You don't need to use legacy x87 stack registers in x86-64 code, because SSE2 is baseline, a required part of the x86-64 ISA. You can and should do your scalar FP math using addsd
, mulsd
, sqrtsd
and so on, on XMM registers. (Or addss
for float)
The Windows x64 calling convention passes float/double FP args in XMM0..3, if they're one of the first four args to the function. (i.e. the 3rd total arg goes in xmm2 if it's FP, rather than the 3rd FP arg going in xmm2.) It returns FP values in XMM0.
Only use x87 if you actually need 80-bit precision inside your function. (Instructions like fsin
and fyl2x
are not fast, and can usually be done just as well by normal math libraries using SSE/SSE2 instructions.

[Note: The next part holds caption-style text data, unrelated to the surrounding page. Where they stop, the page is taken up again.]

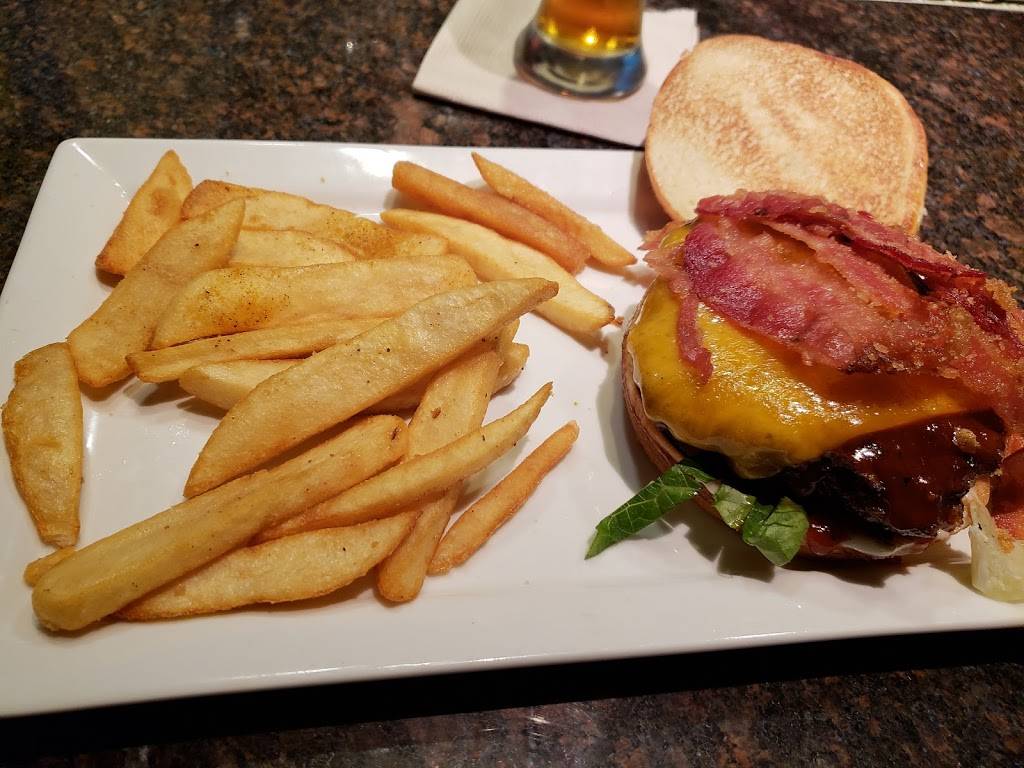 Red Robin Gourmet Burgers and Brews | restaurant | 5550-3 Whittlesey Blvd, Columbus, GA 31909, USA | 7066496419 OR +1 706-649-6419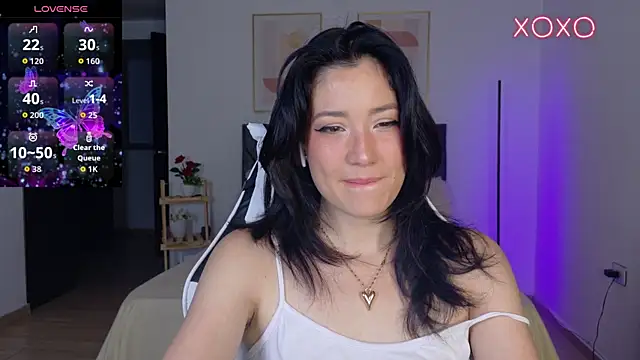 Snapshot of Eliih_01 chatting on October 19, 2025, 2:58 am Eliih 01 online show from October 19, 2025, 2:58 am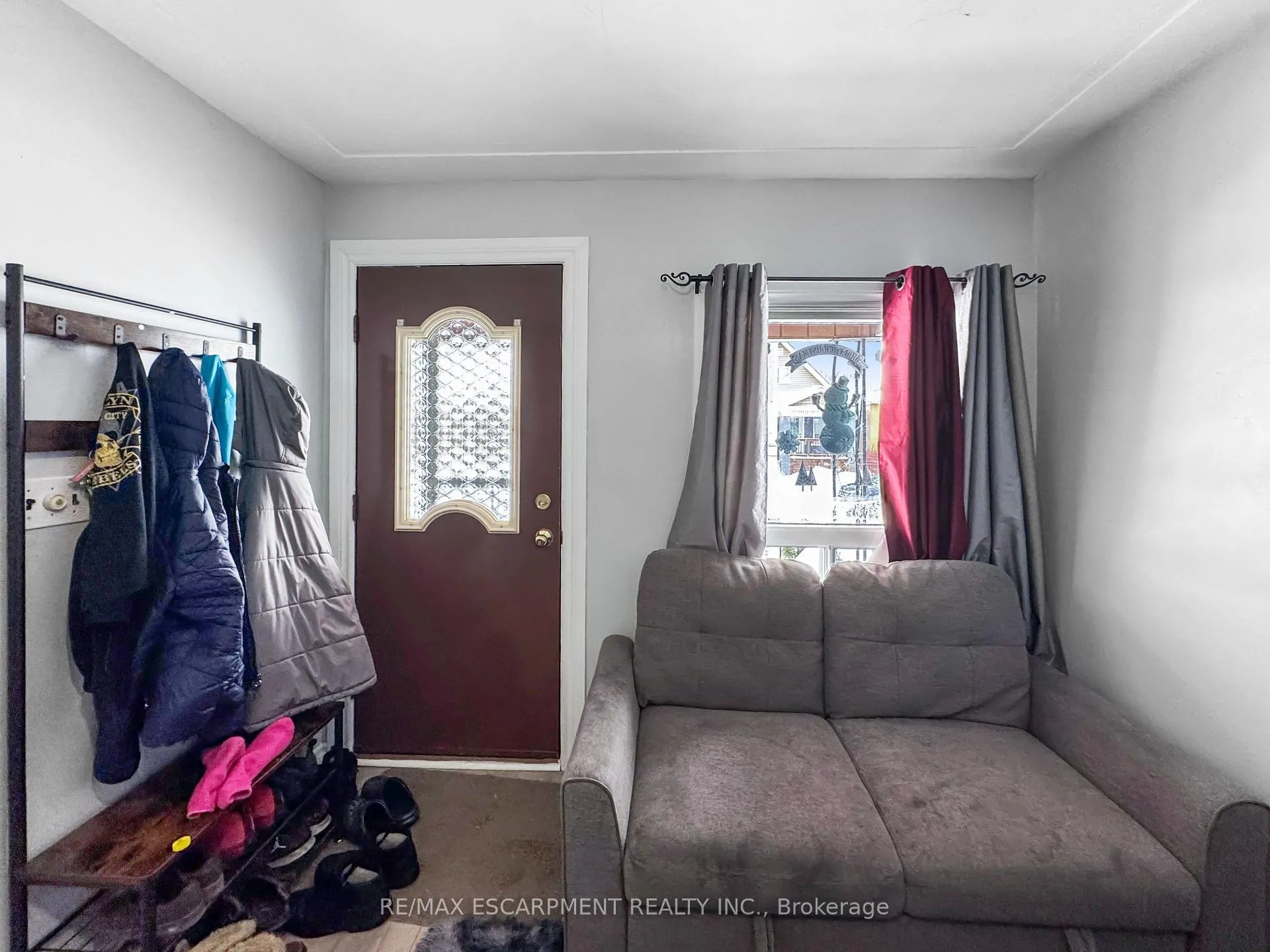 Photo 3 of 55 Connaught Avenue N, Hamilton, Gibson — HOMEH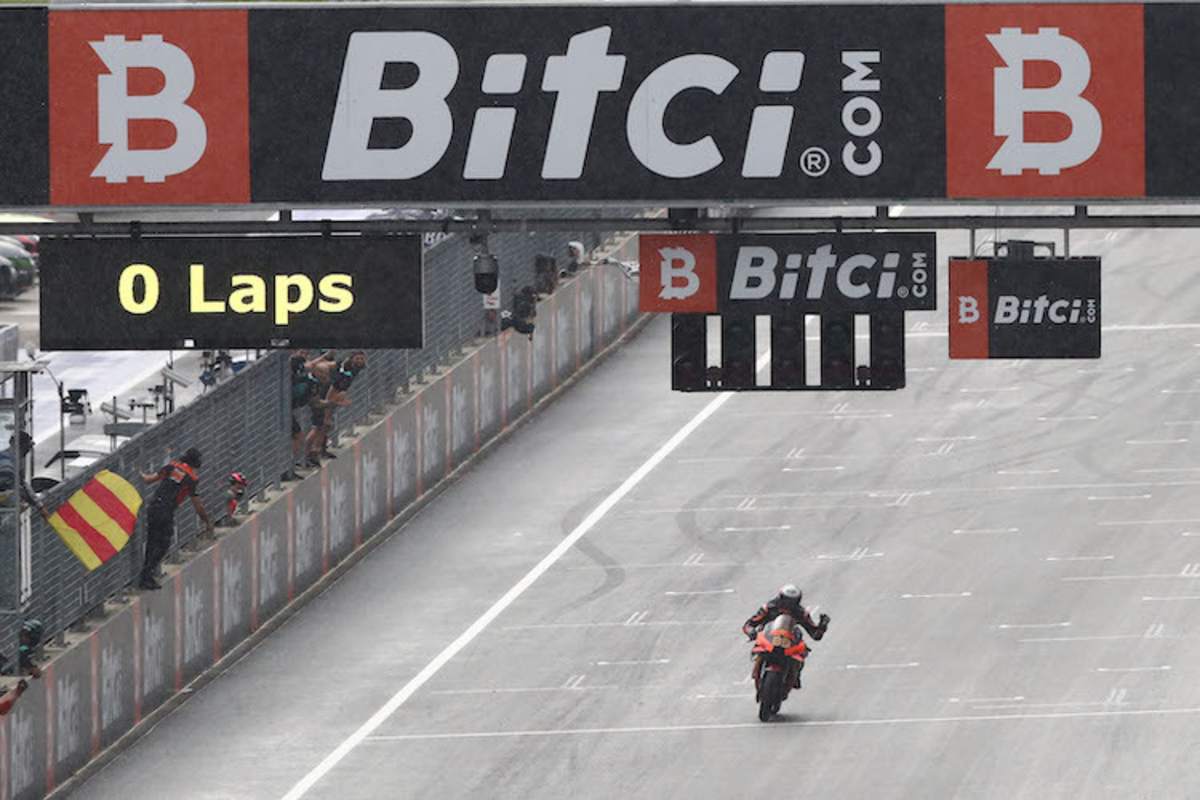 Brad Binder gewinnt das Rennen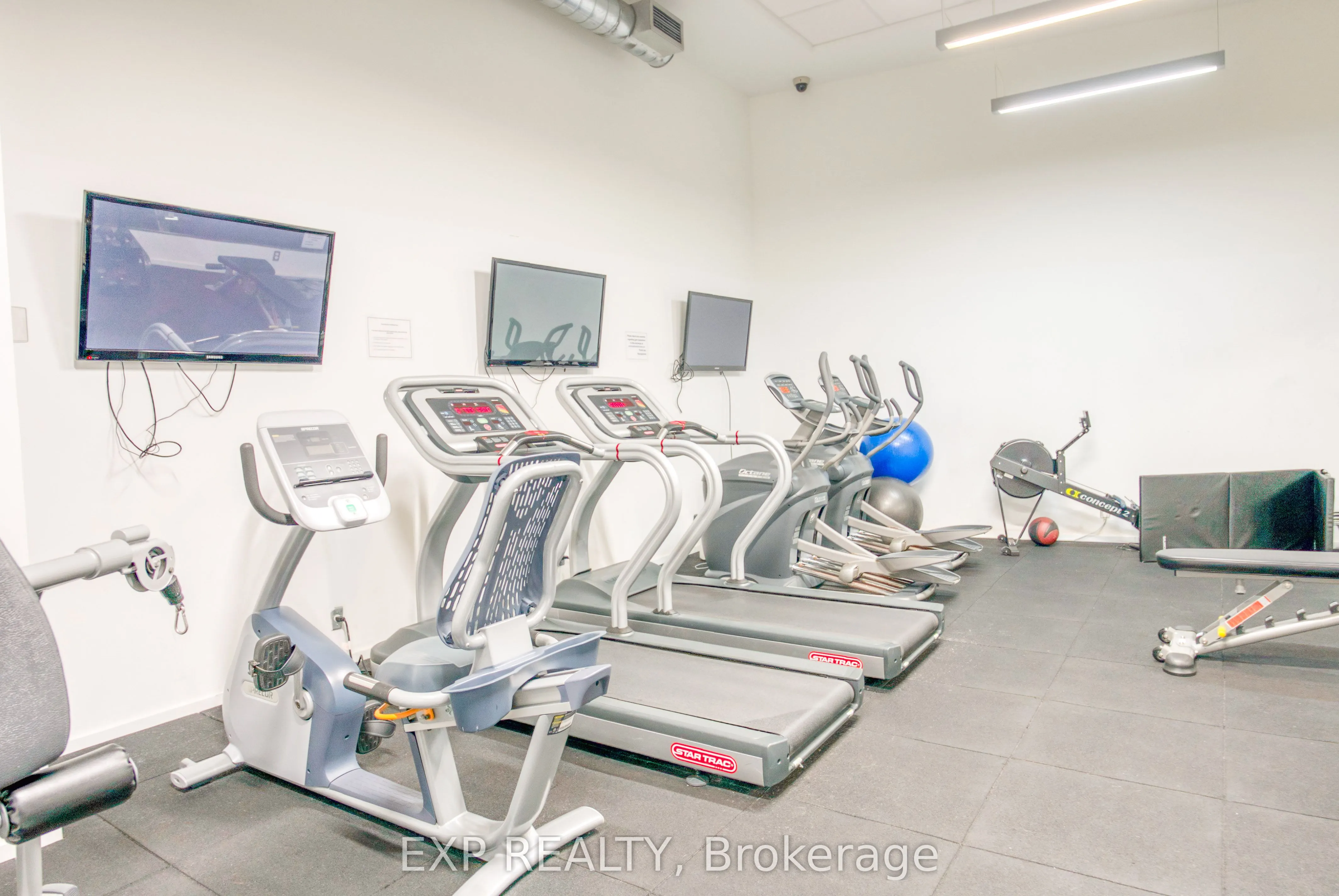 354 Gladstone Avenue, #321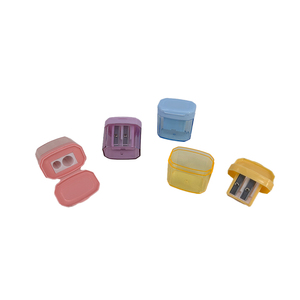 Taille-crayon en plastique pour enfants, taille-crayon coloré bon marché pour l'école - Product Image 2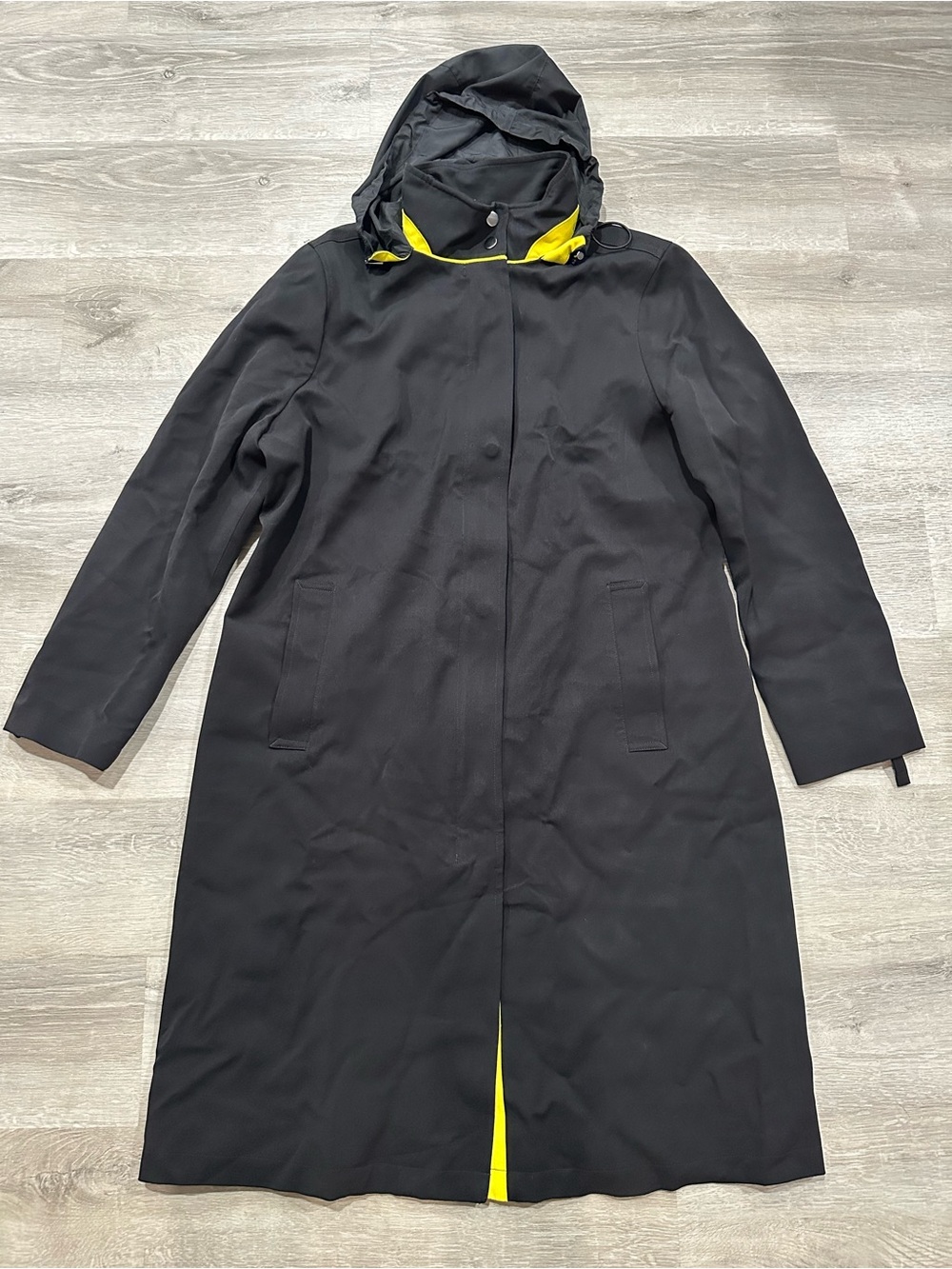 I362 Spirit Airlines Coat Womens M Black Long Overcoat Snap Front Pockets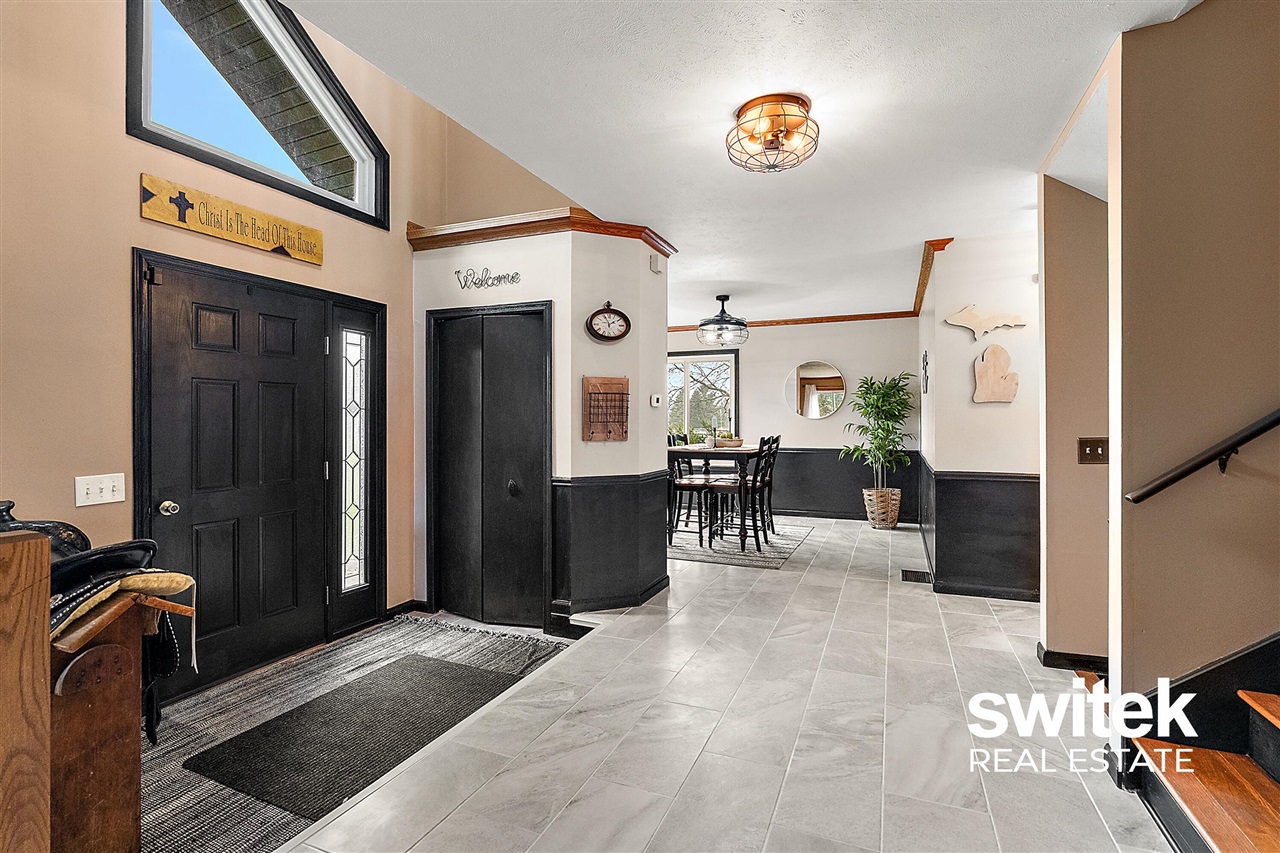 9750 Meadow Valley, Caledonia, MI, 49316-8549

function times2(X:Double):Double;
asm
addsd xmm0, xmm0 // upper 8 bytes of XMM0 are ignored
ret
end
Storing to memory and reloading into an x87 register costs you about 10 cycles of latency for no benefit. SSE/SSE2 scalar instructions are just as fast, or faster, than their x87 equivalents, and easier to program for and optimize because you never need fxch
; it's a flat register design instead of stack-based. (https://agner.org/optimize/). Also, you have 15 XMM registers.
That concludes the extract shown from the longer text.